Di daerah Banyumas, orang tua suka memperingatkan anaknya saat hari menjelang malam, "Sende kala aja neng jaba, mbokan di gawa kelong" (Hari menjelang malam jangan main-main di luar rumah, nanti dibawa Kelong Wewe). Ternyata yang dimaksud disini adalah Kelong Wewe yang didaerah Semarang, Jawa Tengah dinamakan, Wewe Gombel.
Menurut versi daerah Semarang, Jawa Tengah yang dipercaya sebagai daerah Wewe Gombel itu berasal yaitu gunung Gombel adalah berawal dari seorang perempuan yang malang karena diusir oleh suaminya lantaran dalam berumah tangga tidak bisa memberikan keturunan atau anak.
Pengusiran keji yang dilakukan tidak sekedar disuruh pergi begitu saja, akan tetapi untuk memastikan istrinya tidak kembali, sisuami melakukan cara yaitu dengan membuangnya disuatu tempat yang jauh sekiranya dia tidak akan bisa kembali.
Dalam derita pembuangan, istrinya tetap berusaha untuk kembali hingga akhirnya menemukan jalan kembali.
Namun apa yang terjadi, setelah susah payah mencari jalan untuk dapat kembali, sampai dirumah ia menemukan suaminya sedang tidur bersama wanita lain.
Sakit hati, kecewa dan dendam telah menggelapkan matanya disaat itu juga. Si istri itu kalap dan langsung membunuh suaminya.
Kejadian itu sontak menjadikan kampung ramai setelah diketahui perempuan kalap itu membunuh suaminya. Perempuan itu kemudian melarikan diri ke sebuah bukit yang bernama Bukit Gombel.
Warga kampung beramai-ramai mengejarnya.Tapi pengejarannya sia-sia saja, karena sampai di bukit Gombel perempuan itu sudah tergantung tak bernyawa, rupanya perempuan itu bunuh diri demi menjaga harga dirinya.
Sejak peristiwa itu arwah perempuan itu gentayangan dan suka menampakan diri sebagai hantu wewe, masyarakat menyebutnya, Wewe Gombel.
Lebih dari itu, dikisahkan dalam mitos, Wewe Gombel dalam gentayangannya mempunyai kesenangan menculik anak-anak. Anak-anak yang diculiknya disembunyikan disebuah tempat yang tidak seorangpun tahu karena disembunyikan dialamnya yaitu alam ghoib.

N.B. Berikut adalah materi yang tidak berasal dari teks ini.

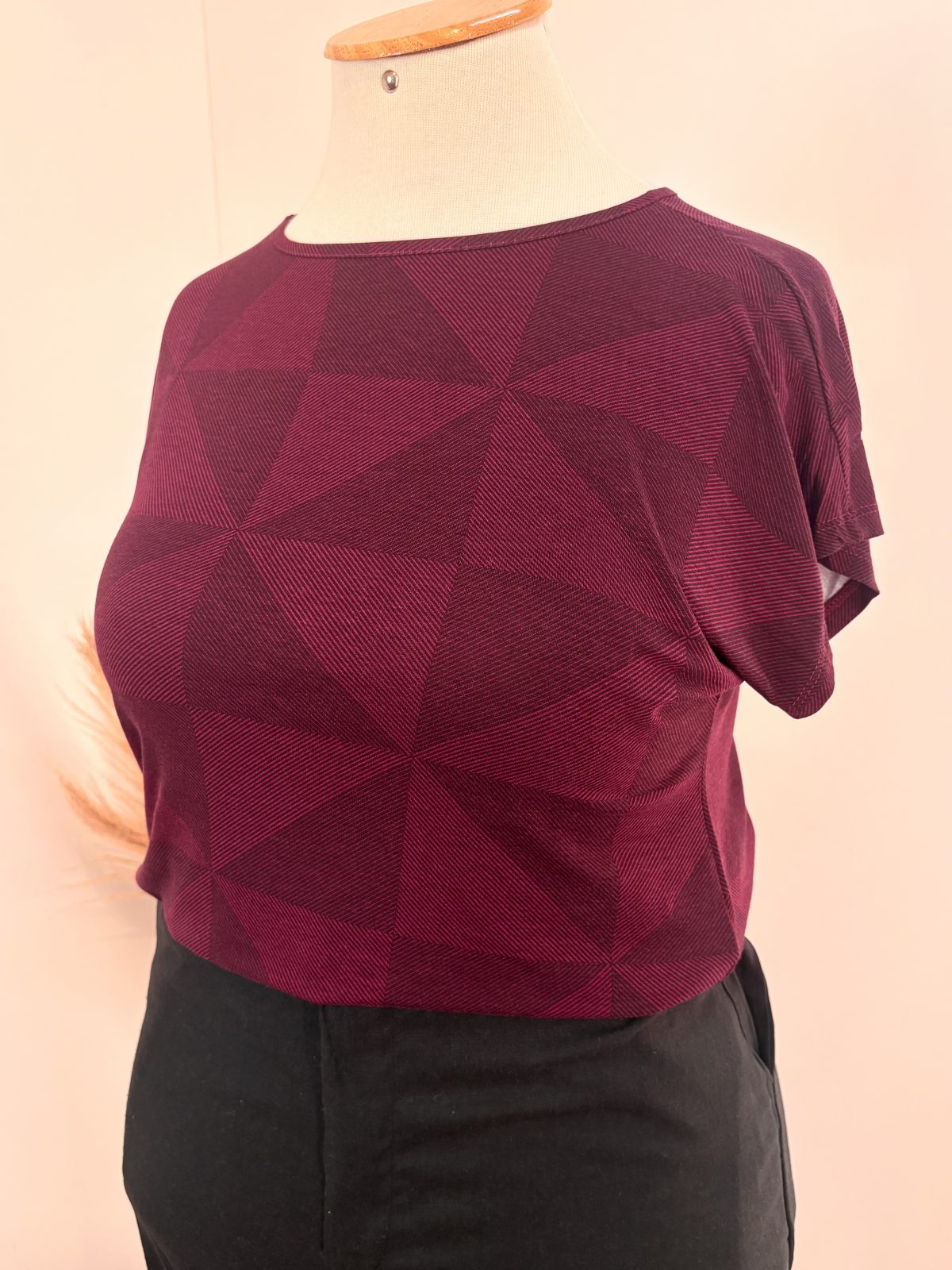 BLUSA FEM ADT MM PLUS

Dalam persembunyiannya, anak yang diculiknya dikasih makan tahi kucing, akan tetapi dalam penglihatan sianak tersebut bukanlah tahi kucing, tapi sebuah makanan yang lezat sebagaimana makanan kesukaan anak-anak.
Anak yang diculik baru akan dilepaskan dari persembunyiannya ke alam manusia setelah orang tuanya menyesal, mencari-cari dengan penuh kekewatiran.
Pencarian ke berbagai tempat dilakukan oleh orang tuanya dibantu oleh warga berbondong-bondong. Setelah lama pencarian dilakukan dengan susah payah biasanya dengan tiba-tiba anak itu akan muncul begitu saja, di semak-semak, diatas batu, bahkan sering diatas pohon.
Saat baru diketemukan, anak biasanya gagu atau tidak dapat berbicara seperti terbungkam. Dan iapun tidak langsung dapat mengingat apa yang baru terjadi.
Ambil hikhmah didalam cerita mitos ini. Bagi para orang tua, melarang anak-anaknya bermain-main diluar rumah saat waktu tengah senjakala sepertinya tidak ada salahnya, mengingat bahwa waktu senjakala merupakan peralihan batas waktu siang kepada malam yang bertepatan dengan waktu sholat maghrib dan setelah sholat maghrib waktu biasanya digunakan untuk mengaji, sangatlah tidak tepat digunakan untuk bermain-main. Lebih baik waktu digunakan untuk mendekatkan diri kepada Sang Pencipta dengan berdo'a, belajar agama dan ibadah-ibadah lainnya.